My second partner in crime sophomore year of Tulane was a girl from our freshman year floor named Suzanne. This four time Prom Queen winner could annunciate perfectly even when under the influence. Suzanne was my own personal Trent Conway from "Six Degrees of Separation" who instructs Will Smith's character to use the word "sofa" instead of "couch." Teaching me all of the rules and affectations to the East Coast, Mid-Atlantic, WASP life. I felt like Eliza Doolittle under her care and nurture. Her blaring white teeth, golden blonde hair, perfect posture and manners were good for me to be around. It was quite interesting for me to compare her background to the nuveau riche Midwestern society I had grown up with.

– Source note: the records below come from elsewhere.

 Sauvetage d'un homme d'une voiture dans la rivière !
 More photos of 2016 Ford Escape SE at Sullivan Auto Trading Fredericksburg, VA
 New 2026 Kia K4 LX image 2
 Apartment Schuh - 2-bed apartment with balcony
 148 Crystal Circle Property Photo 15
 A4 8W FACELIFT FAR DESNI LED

I was always so irate with Suzanne's complacency when it came to others who were rude or had bad manners. "Don't you want to punch him in the face? Slash his tires? Don't you NEVER want to talk to that girl AGAIN? Don't you want to scratch her eyes right out of her head?" I would beg, Sicilian blood boiling "Don't you know how to hold a grudge?" I would ask. She knew not of this-she only knew how to shine, smile and not be reactive, regardless. I envied her self-control. Suzanne only slipped a few times, when she must have been truly upset with someone's behavior, and only in those instances, could pull out a deadly arsenal of backhanded compliments to disarm her enemy. Wow - this was a new way to operate, I thought, as I always wore my heart and emotions on my sleeve - taking other people's words and actions way too seriously, as a personal affront on my being. Sicilians know nothing of the term "you get more flies with honey." I wished I had met Suzanne earlier, I could have used her help years before.

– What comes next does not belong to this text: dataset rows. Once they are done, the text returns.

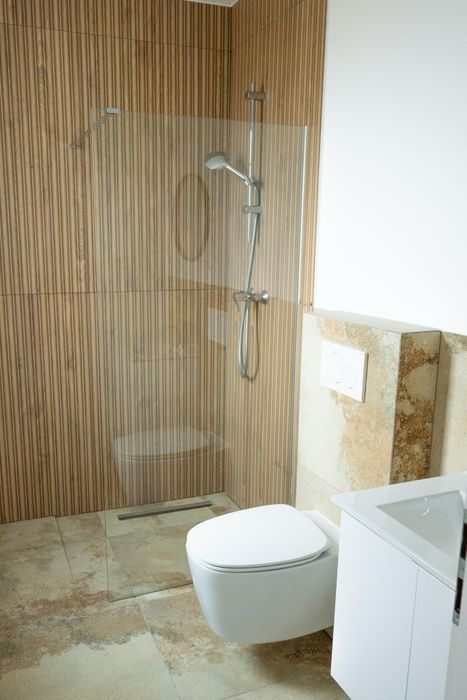 Apartament 2 camere de inchiriat, Dumbravita, cladire birouri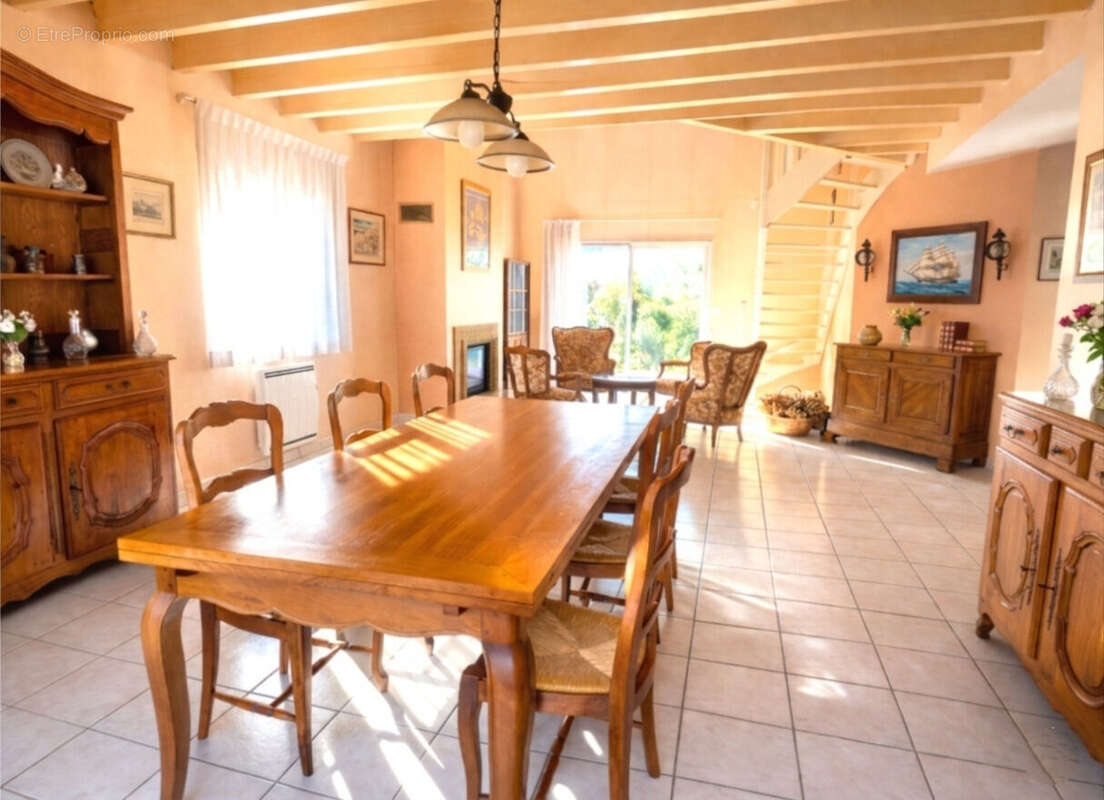 Photo 2 - Maison à SAINT-GELAIS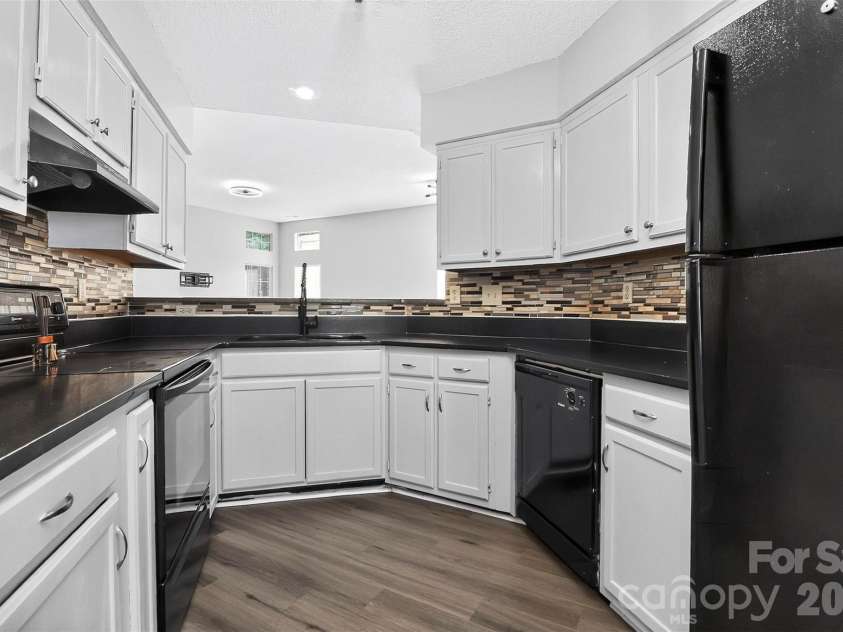 4807 Pennant Place, Charlotte, NC 28212.  MLS# CAR4406104, YatesRealty ID 41718. 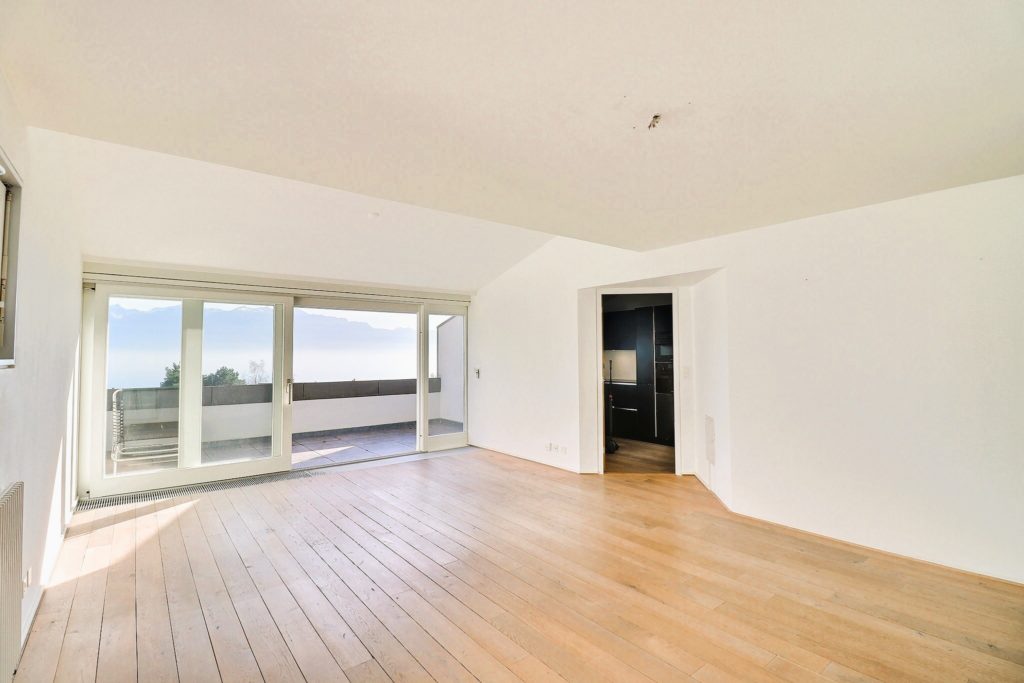 {"discarded_img":0,"scene":2}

Lisa and I had a corner room on the top floor of Irby Hall and shared a bathroom with six other girls. Suzanne had a single in the JL - a girls only dormitory hall set in a timeless old gothic building. Whereas my dorm had the charm of a Motel 6, Suzanne's JL was like a B&B. She had a sink in her room and a huge window with a billowy, sheer drape on the second floor overlooking a green lawn. Before leaving for the night to party, Suzanne would set up her room like a scene in a Harlequin novel; open window, dimmed light and music playing on low. She really could set the mood. Jena was busy between rushing a new sorority and her new, older boyfriend, but also lived in JL. Our good friend Grace, was also MIA sophomore year, having transferred to West Virginia to be with her boyfriend, a major step down for the talented Grace, but she wanted to give her love a chance.
Sophomore year was all about enjoying the nightlife of New Orleans for the first time, and having crushes. I think we all had crushes on a revolving group of guys - some just known as "bagel guy" or "math guy." If we were really good, we could estimate what time said boy left class and from which building to ensure we were geographically situated correctly to cause a run-in. It was a good thing for me to have crushes as I had no interest in any boys on campus at all freshman year. The one date I was asked out on fizzled quickly as I was supposed to meet the guy, another innocent freshman from the south, by the pay phone in front of the UC. Since I had lost my glasses and had no spare, I guess we both stood out there in the dark without noticing the other. Or at least that is what I would like to believe.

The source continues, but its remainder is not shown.